(Extracted data entries)
· · ·

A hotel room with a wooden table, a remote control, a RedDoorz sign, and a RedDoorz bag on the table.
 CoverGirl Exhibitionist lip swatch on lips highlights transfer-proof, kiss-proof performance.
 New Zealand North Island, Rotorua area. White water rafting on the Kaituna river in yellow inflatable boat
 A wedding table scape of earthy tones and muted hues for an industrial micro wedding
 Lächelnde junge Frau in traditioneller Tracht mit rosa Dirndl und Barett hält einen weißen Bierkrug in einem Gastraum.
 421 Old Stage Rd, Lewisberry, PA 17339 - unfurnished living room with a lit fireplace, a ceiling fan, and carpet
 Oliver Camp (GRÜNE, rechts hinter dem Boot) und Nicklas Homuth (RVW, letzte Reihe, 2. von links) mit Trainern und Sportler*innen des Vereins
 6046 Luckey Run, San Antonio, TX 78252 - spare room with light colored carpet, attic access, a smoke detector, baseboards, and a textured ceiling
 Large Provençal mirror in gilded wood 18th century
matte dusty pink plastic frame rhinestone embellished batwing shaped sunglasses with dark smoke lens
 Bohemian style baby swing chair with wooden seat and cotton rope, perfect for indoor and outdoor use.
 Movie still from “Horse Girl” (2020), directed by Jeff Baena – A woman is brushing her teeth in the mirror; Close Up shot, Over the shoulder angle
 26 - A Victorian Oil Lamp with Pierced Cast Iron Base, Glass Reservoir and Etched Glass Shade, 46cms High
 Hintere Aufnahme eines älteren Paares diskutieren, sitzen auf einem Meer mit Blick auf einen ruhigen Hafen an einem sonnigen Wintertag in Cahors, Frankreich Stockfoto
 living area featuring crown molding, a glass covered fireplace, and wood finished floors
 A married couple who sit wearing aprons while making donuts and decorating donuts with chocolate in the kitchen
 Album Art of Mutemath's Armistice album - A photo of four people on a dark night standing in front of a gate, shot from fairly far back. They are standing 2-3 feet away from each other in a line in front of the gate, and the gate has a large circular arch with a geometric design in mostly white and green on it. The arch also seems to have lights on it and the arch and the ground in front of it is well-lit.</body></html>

· · ·

Begin at the line above that has "Bohemian style baby" and stop after the line that has "A married couple", copying each line exactly and adding nothing else.

## Task response
 Bohemian style baby swing chair with wooden seat and cotton rope, perfect for indoor and outdoor use.
 Movie still from “Horse Girl” (2020), directed by Jeff Baena – A woman is brushing her teeth in the mirror; Close Up shot, Over the shoulder angle
 26 - A Victorian Oil Lamp with Pierced Cast Iron Base, Glass Reservoir and Etched Glass Shade, 46cms High
 Hintere Aufnahme eines älteren Paares diskutieren, sitzen auf einem Meer mit Blick auf einen ruhigen Hafen an einem sonnigen Wintertag in Cahors, Frankreich Stockfoto
 living area featuring crown molding, a glass covered fireplace, and wood finished floors
 A married couple who sit wearing aprons while making donuts and decorating donuts with chocolate in the kitchen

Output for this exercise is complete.